# The task
Only the lines below from the one containing "HOST PICK cultured" through the one containing "انگشتر چهارگوش فیروزه نیشابوری دست ساز عکس" belong in the answer, repeated exactly and without pictures.

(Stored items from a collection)

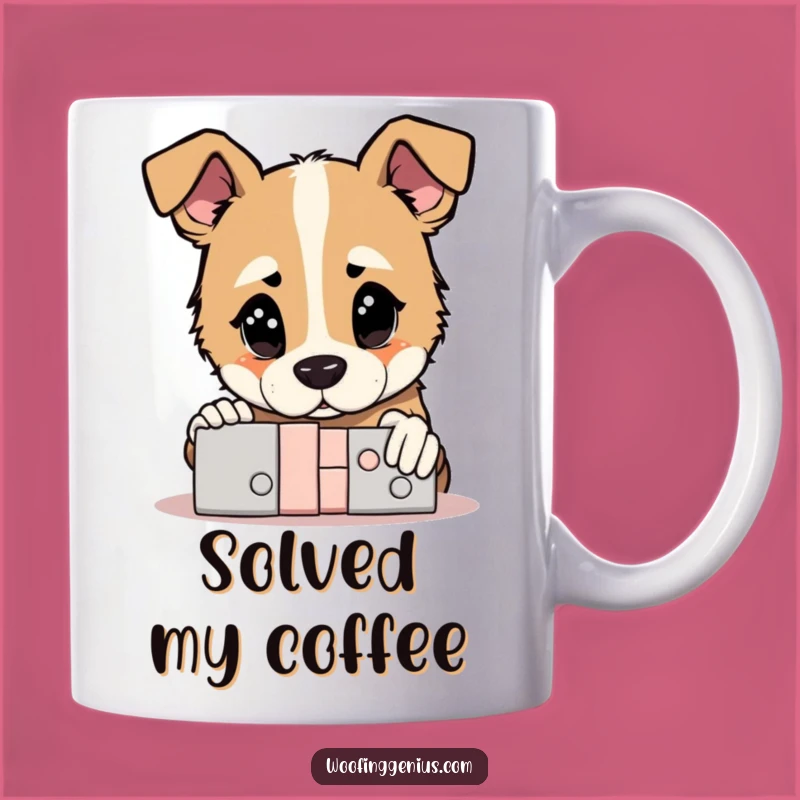Funny Genius Dog Mug: Solved Puzzle Contemplation, Perfect Humorous Gift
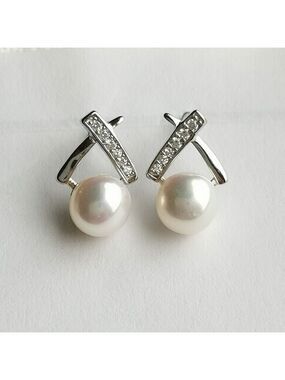 HOST PICK cultured white freshwater pearl white topaz earrings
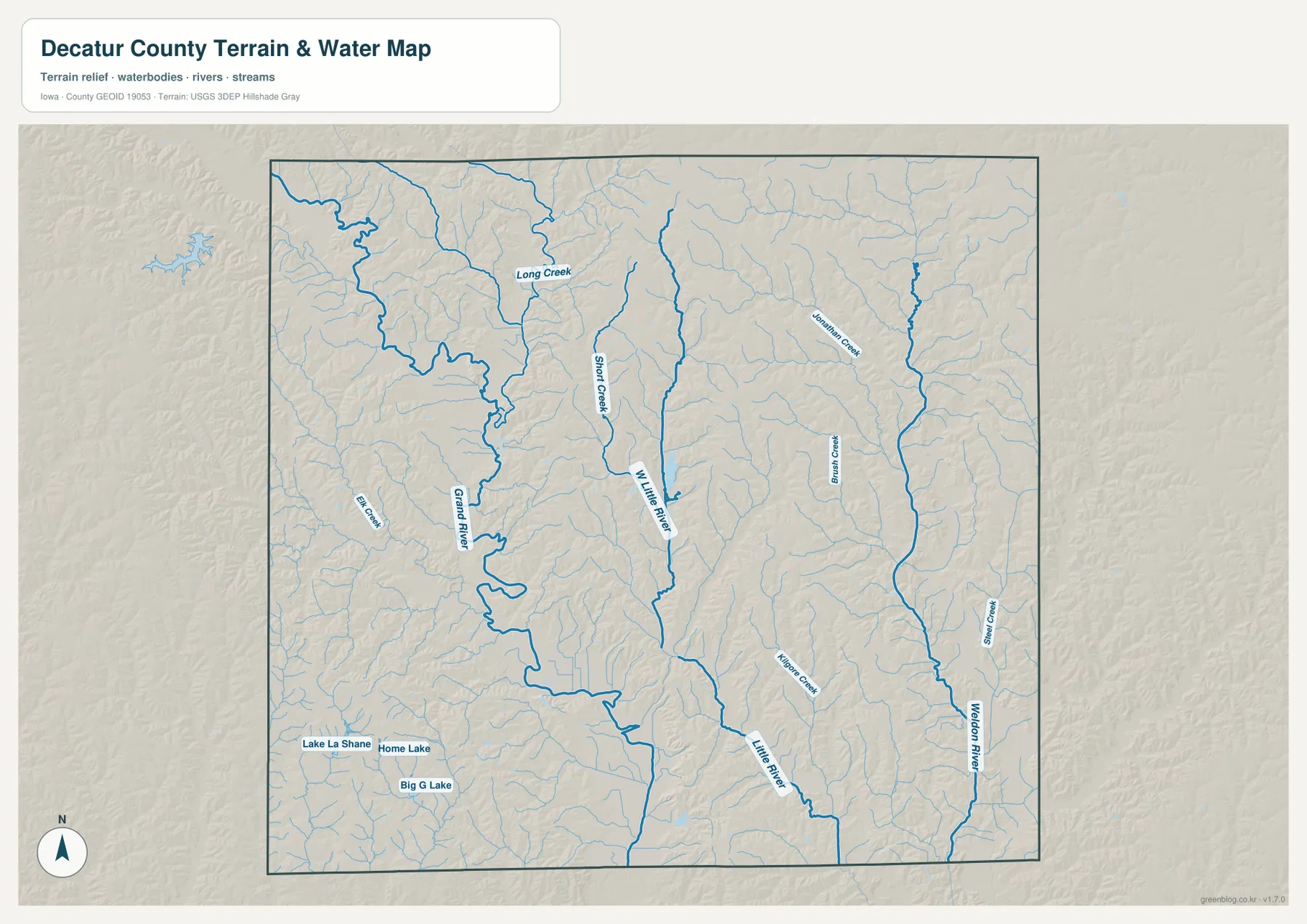 Decatur County Iowa water map with Grand River Little River Weldon River and Long Creek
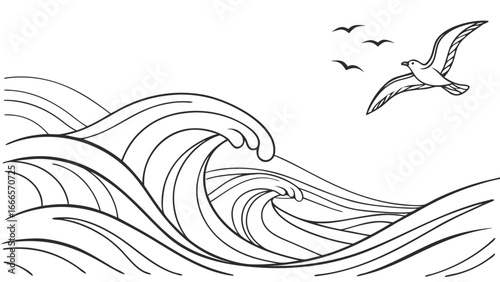 Stylized ocean waves with a seagull and three smaller birds flying above the water surface drawing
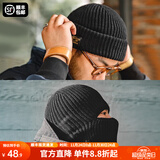 马登工装巴拉克拉法帽黑色保暖毛线帽头套针织帽子护耳防风面罩男秋季 黑色 均码
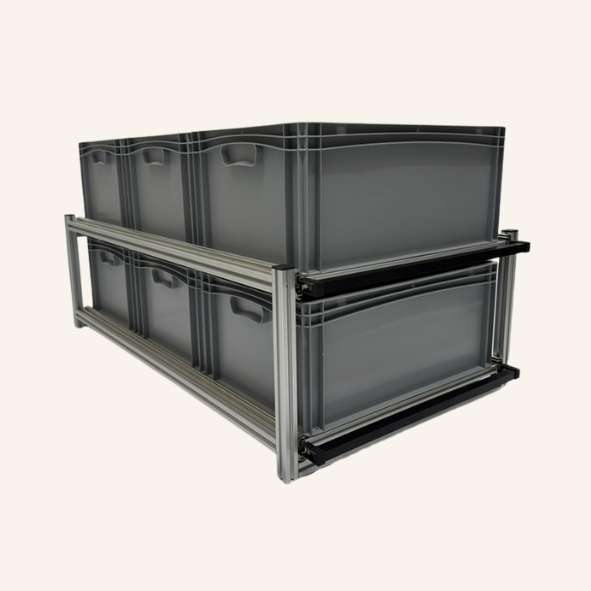 Doppel-Schubladenmodul für Euroboxen – 1280 × 503 × 730 mm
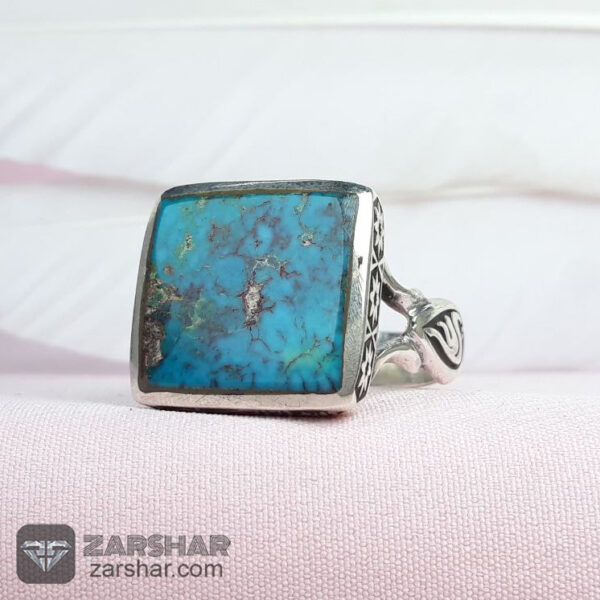 انگشتر چهارگوش فیروزه نیشابوری دست ساز عکس انگشتر چهارگوش فیروزه نیشابوری دست ساز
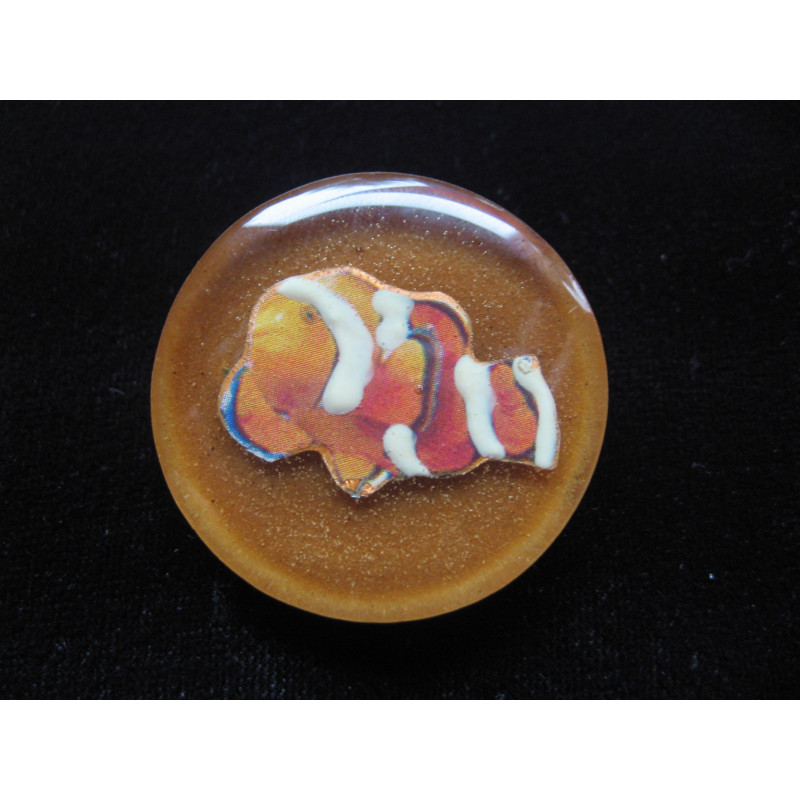 Large fantasy ring, tropical fish, on a resin sand background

# Solved exercise
 HOST PICK cultured white freshwater pearl white topaz earrings
 Decatur County Iowa water map with Grand River Little River Weldon River and Long Creek
 Stylized ocean waves with a seagull and three smaller birds flying above the water surface drawing
 马登工装巴拉克拉法帽黑色保暖毛线帽头套针织帽子护耳防风面罩男秋季 黑色 均码
 Doppel-Schubladenmodul für Euroboxen – 1280 × 503 × 730 mm
 انگشتر چهارگوش فیروزه نیشابوری دست ساز عکس انگشتر چهارگوش فیروزه نیشابوری دست ساز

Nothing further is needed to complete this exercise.